• What the task asks
Transcribe the stretch of entries below from the line with "QQ图片20150505085605" through the line with "Керамогранит Equipe Elda", exactly and with both ends included; leave out all other lines.
═══ Data records
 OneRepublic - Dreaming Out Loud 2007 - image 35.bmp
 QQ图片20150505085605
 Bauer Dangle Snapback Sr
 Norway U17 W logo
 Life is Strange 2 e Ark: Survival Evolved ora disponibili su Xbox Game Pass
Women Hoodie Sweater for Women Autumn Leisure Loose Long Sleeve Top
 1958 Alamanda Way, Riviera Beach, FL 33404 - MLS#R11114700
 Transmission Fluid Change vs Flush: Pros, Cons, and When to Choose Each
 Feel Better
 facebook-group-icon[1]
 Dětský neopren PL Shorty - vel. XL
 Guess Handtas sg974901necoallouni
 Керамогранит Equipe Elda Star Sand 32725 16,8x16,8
══════
═══ Data records
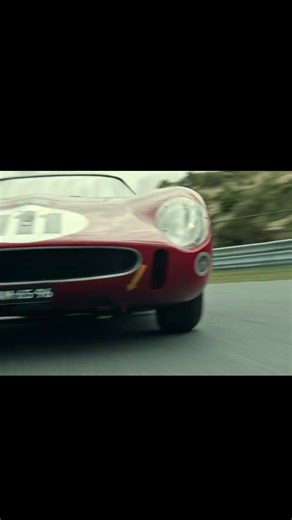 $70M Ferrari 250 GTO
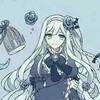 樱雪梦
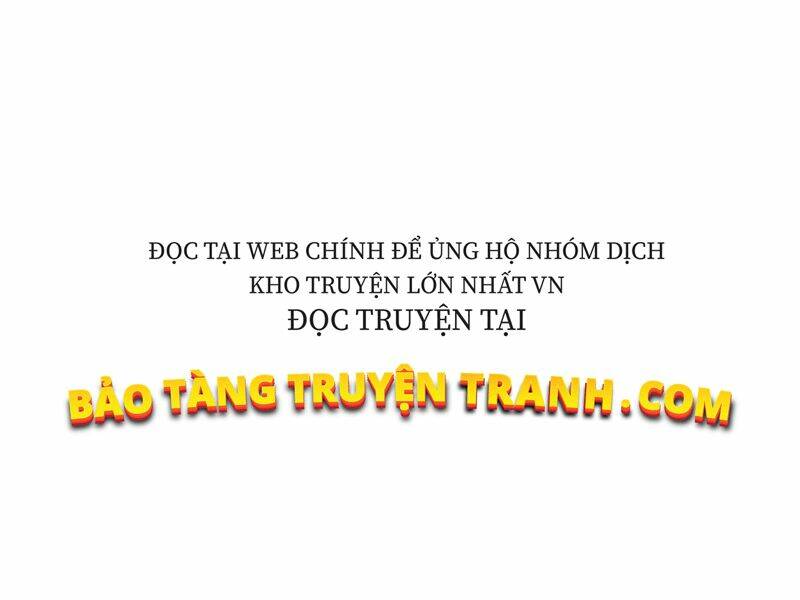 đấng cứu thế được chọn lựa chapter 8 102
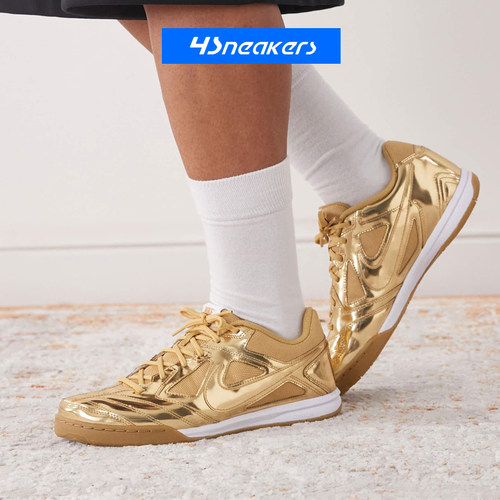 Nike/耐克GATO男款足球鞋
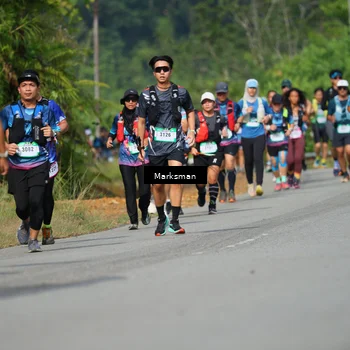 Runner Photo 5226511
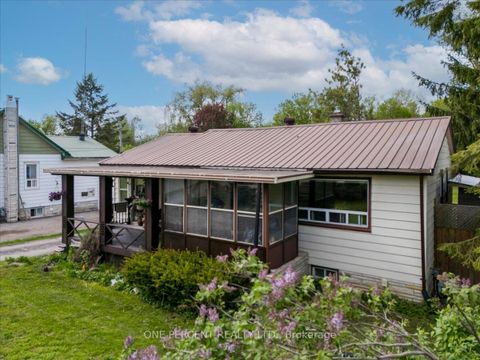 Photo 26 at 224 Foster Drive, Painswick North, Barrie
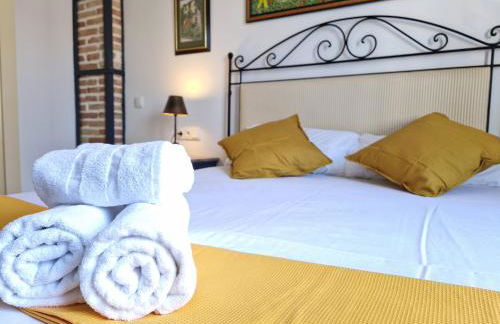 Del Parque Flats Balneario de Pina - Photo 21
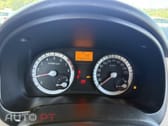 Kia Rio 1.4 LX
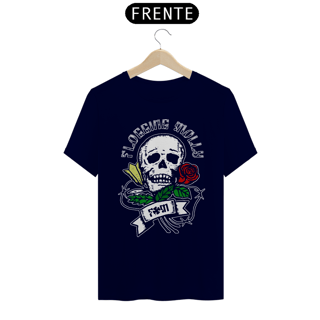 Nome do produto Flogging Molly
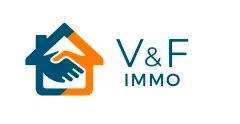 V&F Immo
══════
═══ Data records
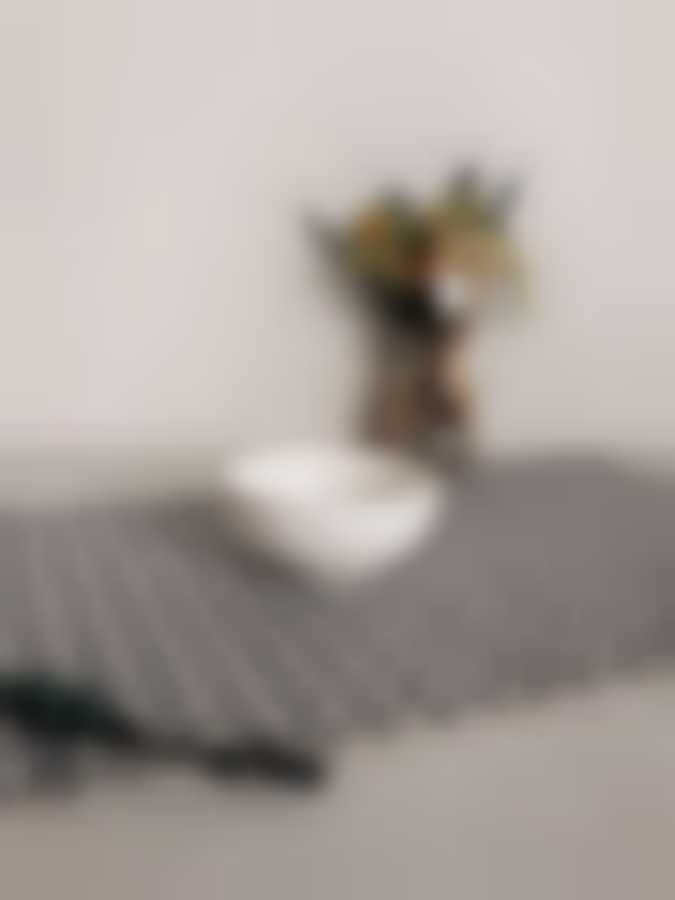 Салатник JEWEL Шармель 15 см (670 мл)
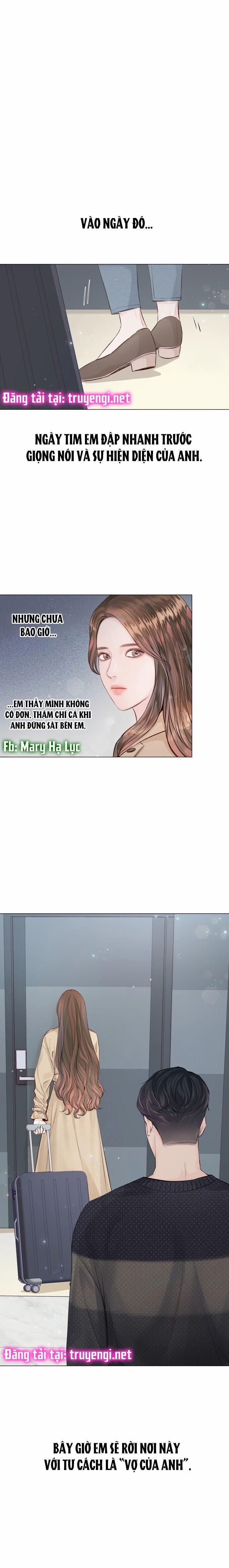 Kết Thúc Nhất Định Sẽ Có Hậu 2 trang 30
══════
• Answer section
 QQ图片20150505085605
 Bauer Dangle Snapback Sr
 Norway U17 W logo
 Life is Strange 2 e Ark: Survival Evolved ora disponibili su Xbox Game Pass
Women Hoodie Sweater for Women Autumn Leisure Loose Long Sleeve Top
 1958 Alamanda Way, Riviera Beach, FL 33404 - MLS#R11114700
 Transmission Fluid Change vs Flush: Pros, Cons, and When to Choose Each
 Feel Better
 facebook-group-icon[1]
 Dětský neopren PL Shorty - vel. XL
 Guess Handtas sg974901necoallouni
 Керамогранит Equipe Elda Star Sand 32725 16,8x16,8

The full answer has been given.